■ YOUR OBJECTIVE
How many of the lines below contain "Photo"? Answer with that number alone.

Data records
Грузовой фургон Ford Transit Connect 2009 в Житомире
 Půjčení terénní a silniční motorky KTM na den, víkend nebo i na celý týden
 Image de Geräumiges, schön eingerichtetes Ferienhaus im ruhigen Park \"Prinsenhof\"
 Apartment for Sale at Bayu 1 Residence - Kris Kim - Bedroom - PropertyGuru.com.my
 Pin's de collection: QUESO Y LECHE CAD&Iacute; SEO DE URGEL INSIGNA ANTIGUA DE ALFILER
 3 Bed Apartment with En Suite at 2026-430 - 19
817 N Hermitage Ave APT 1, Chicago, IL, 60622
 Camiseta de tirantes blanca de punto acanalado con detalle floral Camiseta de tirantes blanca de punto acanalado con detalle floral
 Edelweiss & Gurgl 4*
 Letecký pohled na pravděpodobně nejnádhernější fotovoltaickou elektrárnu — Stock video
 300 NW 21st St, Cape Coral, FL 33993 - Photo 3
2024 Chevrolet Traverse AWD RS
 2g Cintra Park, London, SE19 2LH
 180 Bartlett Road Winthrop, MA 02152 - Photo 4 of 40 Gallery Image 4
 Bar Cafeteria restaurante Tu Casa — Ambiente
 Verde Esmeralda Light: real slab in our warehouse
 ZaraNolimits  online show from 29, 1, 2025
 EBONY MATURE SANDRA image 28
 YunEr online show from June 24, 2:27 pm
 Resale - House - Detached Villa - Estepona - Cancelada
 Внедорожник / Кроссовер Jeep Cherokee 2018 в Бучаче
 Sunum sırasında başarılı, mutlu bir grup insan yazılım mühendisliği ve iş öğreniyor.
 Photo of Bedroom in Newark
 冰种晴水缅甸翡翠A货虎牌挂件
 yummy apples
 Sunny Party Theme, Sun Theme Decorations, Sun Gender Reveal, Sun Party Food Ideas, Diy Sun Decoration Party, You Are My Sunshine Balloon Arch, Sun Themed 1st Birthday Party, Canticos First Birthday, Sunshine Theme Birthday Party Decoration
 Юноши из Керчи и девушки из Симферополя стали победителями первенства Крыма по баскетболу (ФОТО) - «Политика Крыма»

■ RESPONSE AREA
3